* Data under study:

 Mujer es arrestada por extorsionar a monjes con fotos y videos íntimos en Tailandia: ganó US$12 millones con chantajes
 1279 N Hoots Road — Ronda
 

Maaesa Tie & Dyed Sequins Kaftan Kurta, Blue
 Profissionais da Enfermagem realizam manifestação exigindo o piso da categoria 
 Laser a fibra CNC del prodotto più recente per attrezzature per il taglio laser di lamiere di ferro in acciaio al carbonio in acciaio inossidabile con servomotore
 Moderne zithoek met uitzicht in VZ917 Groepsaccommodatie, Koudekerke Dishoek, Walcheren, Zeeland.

* Task: Quote, without any change, each line from the one that contains "Maaesa Tie & Dyed Sequins Kaftan Kurta, Blue" through the end of the material.

* Solution below:
Maaesa Tie & Dyed Sequins Kaftan Kurta, Blue
 Profissionais da Enfermagem realizam manifestação exigindo o piso da categoria 
 Laser a fibra CNC del prodotto più recente per attrezzature per il taglio laser di lamiere di ferro in acciaio al carbonio in acciaio inossidabile con servomotore
 Moderne zithoek met uitzicht in VZ917 Groepsaccommodatie, Koudekerke Dishoek, Walcheren, Zeeland.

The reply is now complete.